Asked whether the court would conduct night proceedings to hear such cases, Arifin said the court could proceed at night but it would involve the security of witnesses.

Meanwhile, Arifin in his speech, advised judges to conduct researches on issues which were disputed in cases in court if they had doubts on the grounds of judgement to be given.

He said this was to ensure that judges could reach a fair and just decision based on the principles of law.

The wisdom, efficiency and skills of judges in understanding legal problems could be stated via the grounds of judgement, he said.

"The practice of the legal system in many countries around the world shows that the indicator to determine the effectiveness and quality of the judiciary in practise is measured by the judgment and court decisions," he said.

Arifin said in the present era of a world without border, the work or judgement of a judge was more opened to criticism whether from academicians, members of the public, journalists or politicians, local and abroad.
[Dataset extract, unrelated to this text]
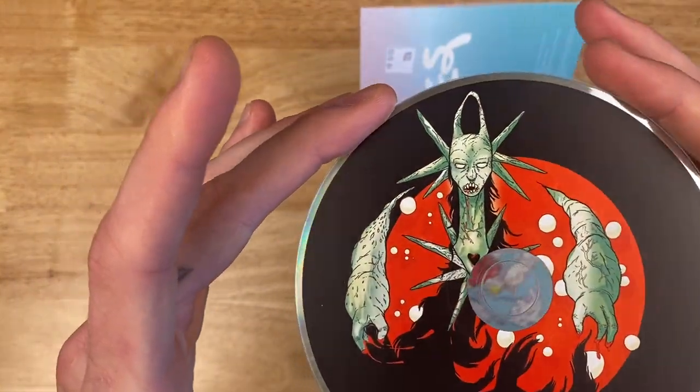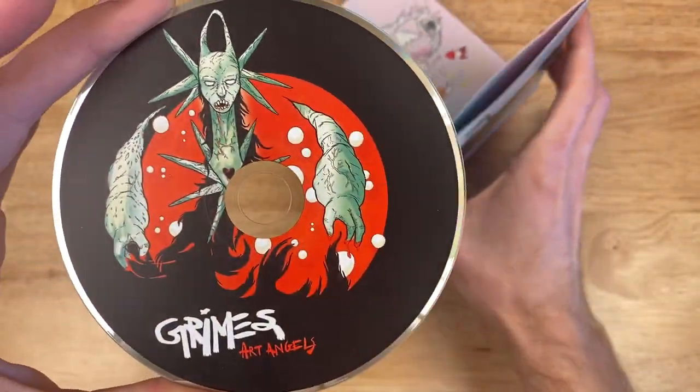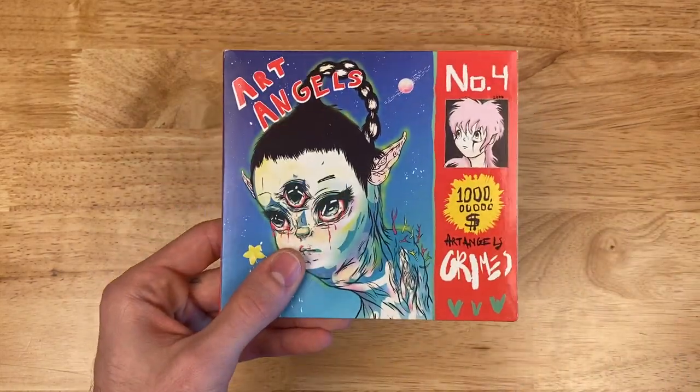Let's take a look at that. Art Angels. They have some thick arms. I like it. Overall, very fun CD. Put that back in there. Looks like that's all that's going to come with this. I hope you liked it.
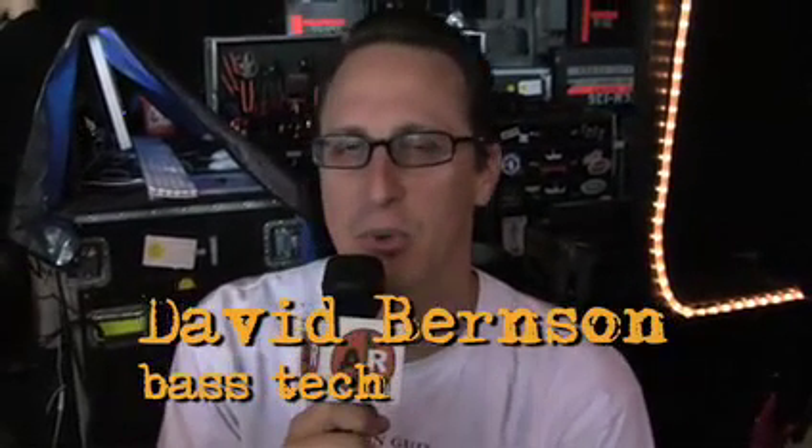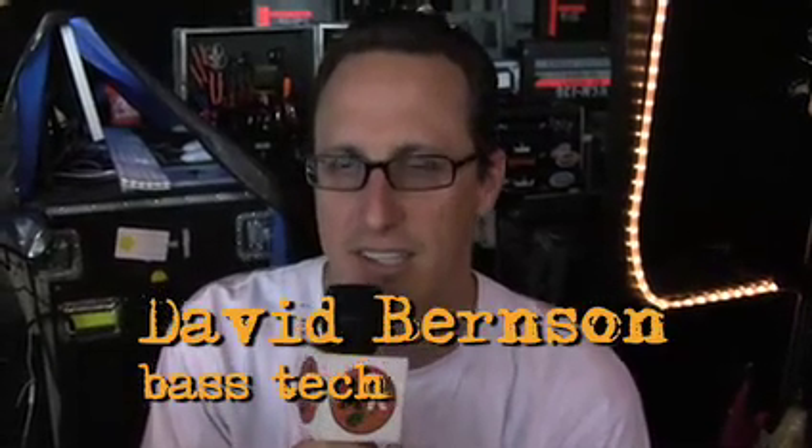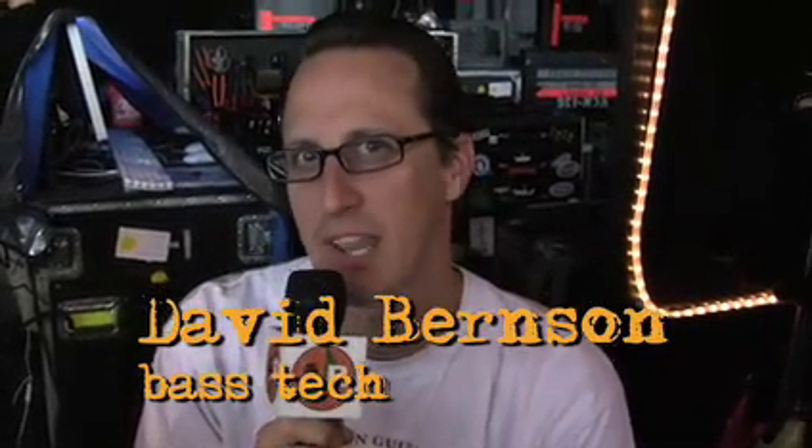Hi, I'm David Bernson. I'm bass tech for Tony Canale on the No Doubt Tour for summer of 2009. And we're going to talk about GK's amps that Tony uses on stage.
He said that at the same time the judge is limited by judicial ethics to defend the judgment being criticised.

Arifin said good criticism would give a positive perception to the judge, bad criticism would result in society looking askance at the judiciary.

"I wish to stress here, so long as the decision is produced in accordance with the law and justice, you need not fear such perceptions. The barometer is your own conscience.If your conscience is clear then you have nothing to fear," he said.

Arifin said a judge is also a normal person who is not free from making mistakes and excellent judges had order or politeness.

He also reminded the judiciary to foster good ties with the media so that the public could get the correct information on cases, responsibility and function of the body.

"Communicate clearly in highlighting legal issues and making decision in every case," he said.

At the oath-taking ceremony, 10 people were appointed as Judicial Commissioners effective today.

They were ex-Federal Court Chief Registrar Datuk Roslan Abu Bakar, 54, Attorney-General's Chamber former Prosecution Division chief Datuk Abdul Wahab Mohamed, 55, and Kuala Lumpur Court former Director Al-Baishah Abd Manan, 56.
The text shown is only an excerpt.